The players clearly knew their Harry Potter and came up with loads of great ideas, including:

  • Asking if the first victim’s ghost was around. A Fate token made that so, and they got key clues much earlier than the previous times I’ve run it.
  • Rather than fight the acromantulas, the animagus changed into one and spoke to them instead. That was great—during character generation I told the players they could choose stunts and other aspects of their character during play, and this was a great choice.
  • The plot involves a powerful wizard’s wand, and one player had an idea to go to Ollivander’s and see if there was a twin, and whether it was available. Again, another Fate token spent, so I gave them the twin wand (a special +2 stunt).
  • They looked up Aberforth as an old member of the Order of the Phoenix.
  • And they posted lots of ministry guards—but of course, Lucivere cut through them like a hot knife through butter because the PCs are the heroes of our story.

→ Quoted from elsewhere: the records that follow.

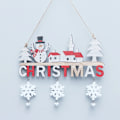 Miniatyrbild 3 av 7: Trä Jul Hänge Dörr Hängande Ornament För Hem Vägg Jul Träd Dekor
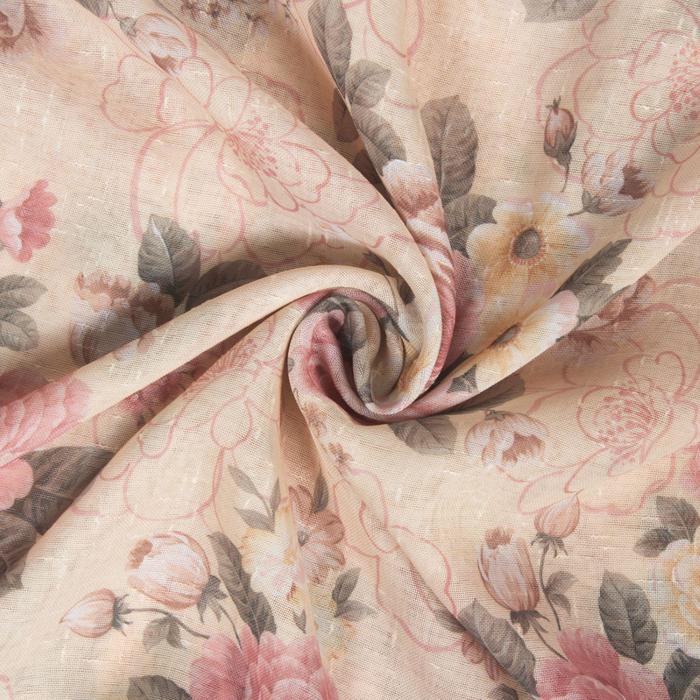 Тюль "цветочная композиция" 260*250 см (1/10) "этель" 7108488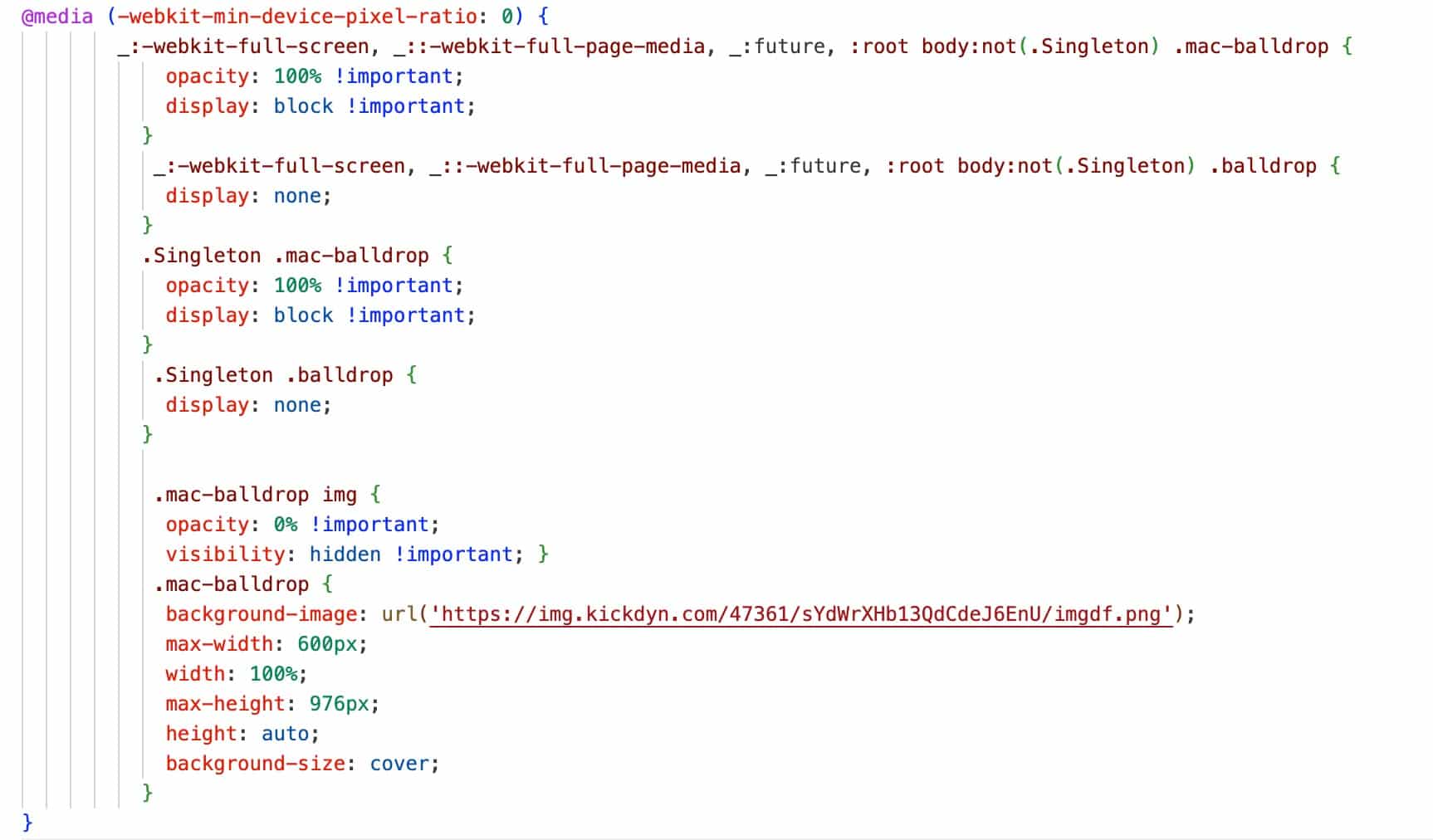 css files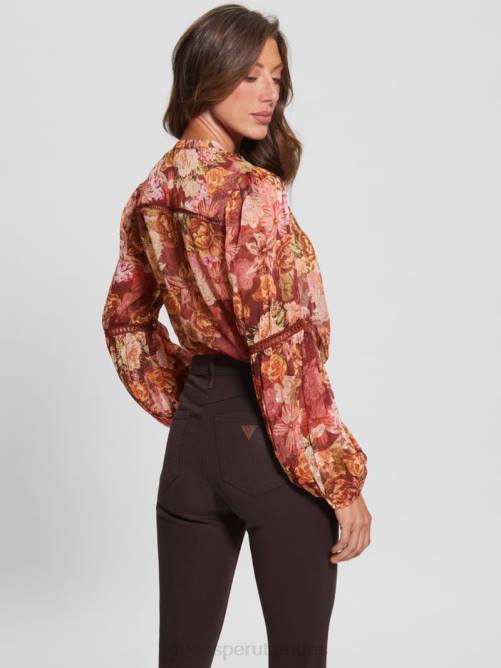 GUESS top josette ecológico mujer 0P8X1560 impresión de tapiz digital ma vestir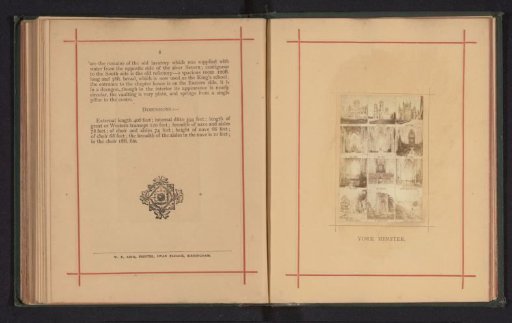 Photographic reproduction of twelve photographs of York Minster and St. Mary's Abbey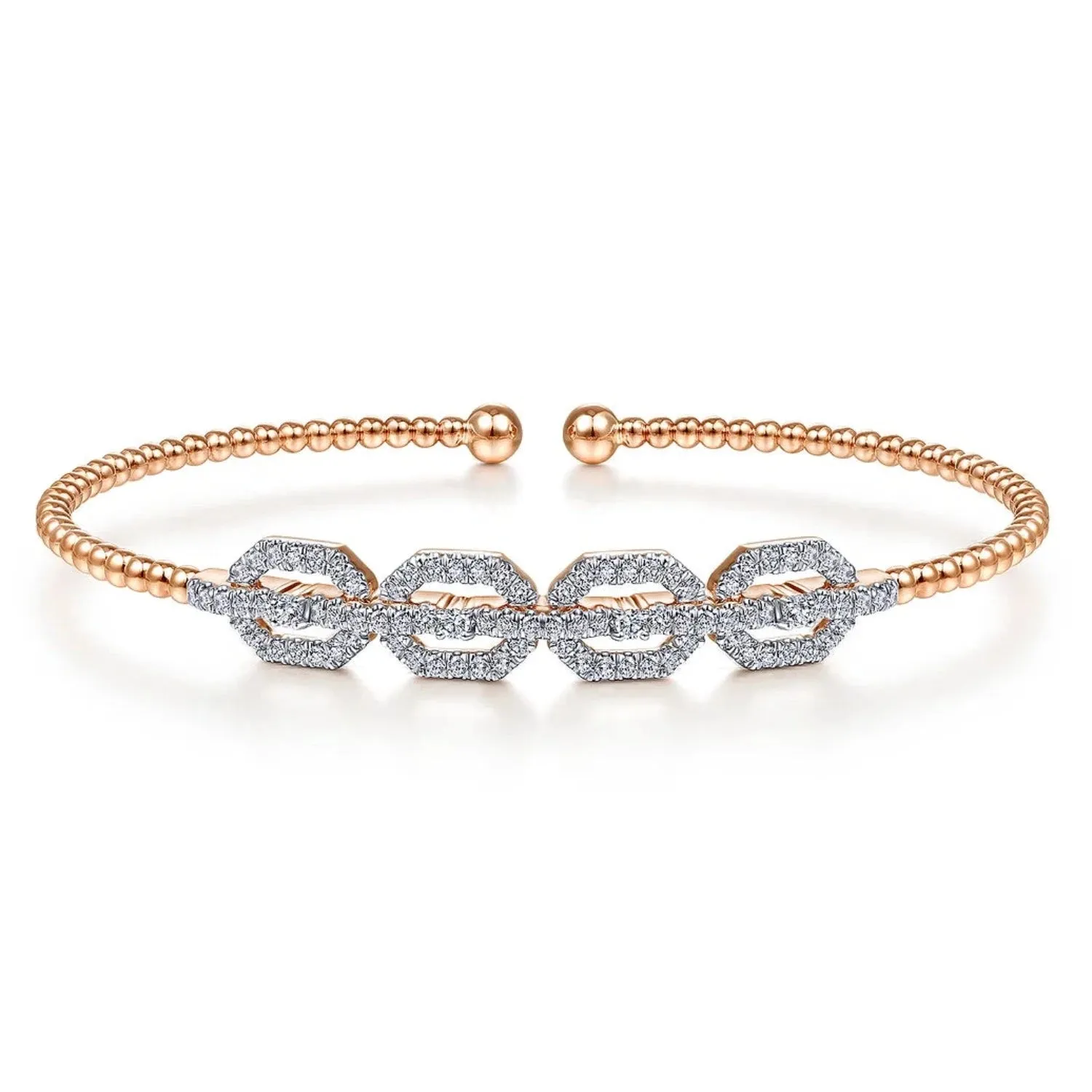 Gabriel & Co. Bujukan Flexible Diamond Octagon Bangle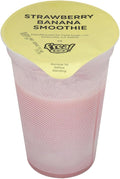 f'real Made to Order Strawberry Banana Smoothie 10 fl. oz. - 12 Pieces WS-108FRE80053-NF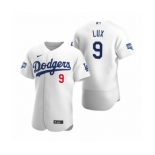 Los Angeles Dodgers #9 Gavin Lux White 2020 World Series Champions Authentic Jersey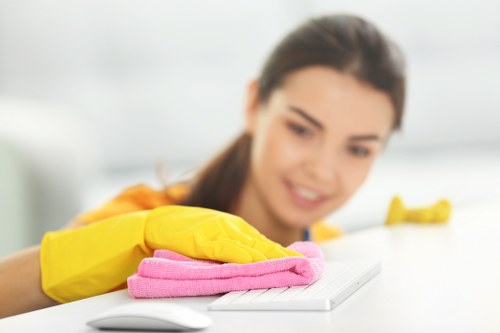 Booking and payment clauses for a UK cleaning service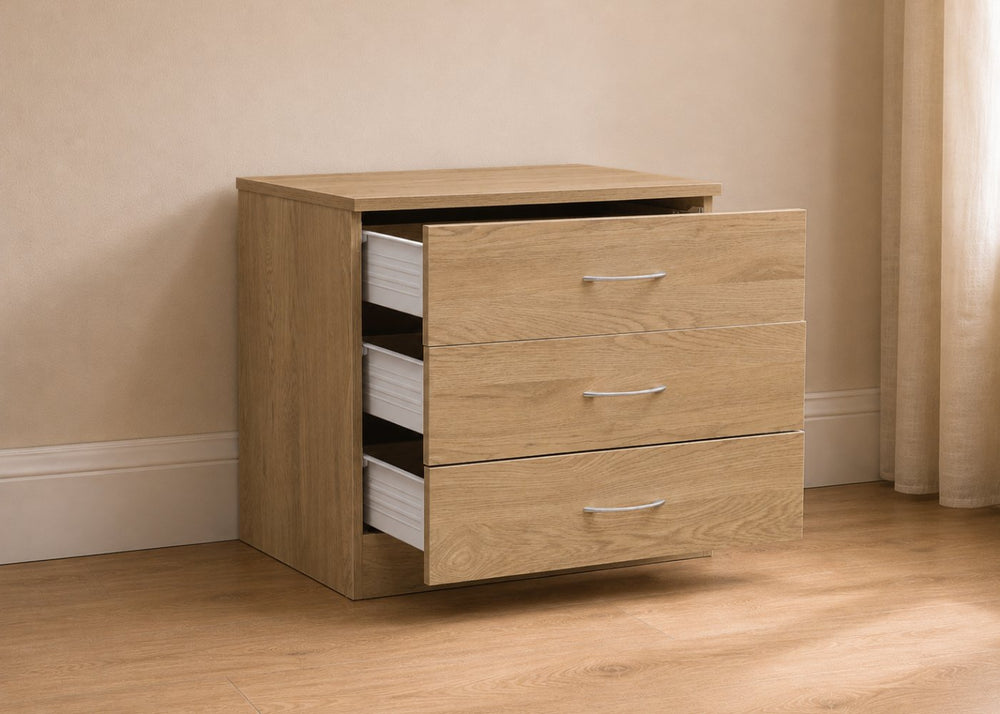 3 Drawer Chest in Oak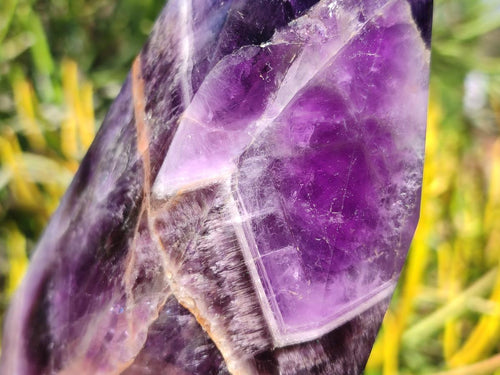 Polished Chevron Amethyst Display Crystals x 2 From Zambia - Toprock Gemstones and Minerals 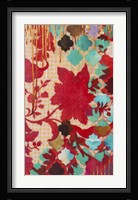 Red & Teal Gilded Age I Fine Art Print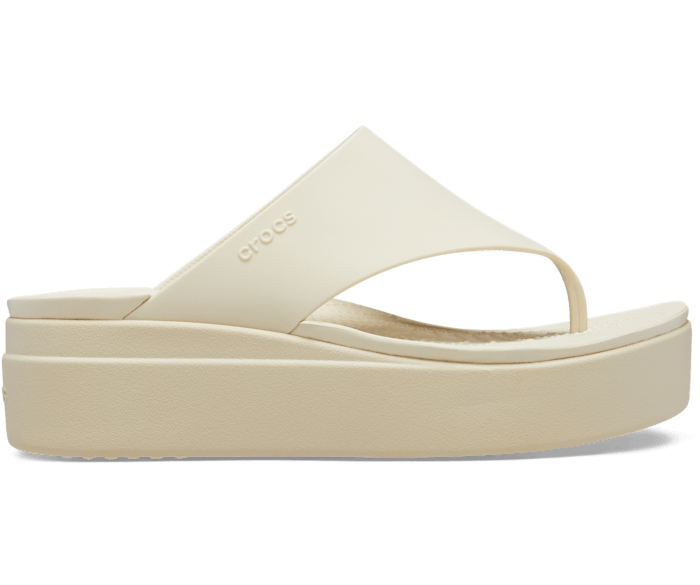 Crocs wedge on sale flip flops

I think my GM-ing was okay. I ran with their ideas which meant deviating from my notes now and again, but we ended up with a big battle at the end during which they defeated Lucevere Razorblood, dark wizard and Dementor inventor. We took about three hours, all told, which was about right.

You can download The Aurors here and I wrote about it previously, here.

Overall

I like Airecon. Next year I’ll try to run more than one RPG—but there’s so much going on that I don’t want to spend my whole convention in the RPG room.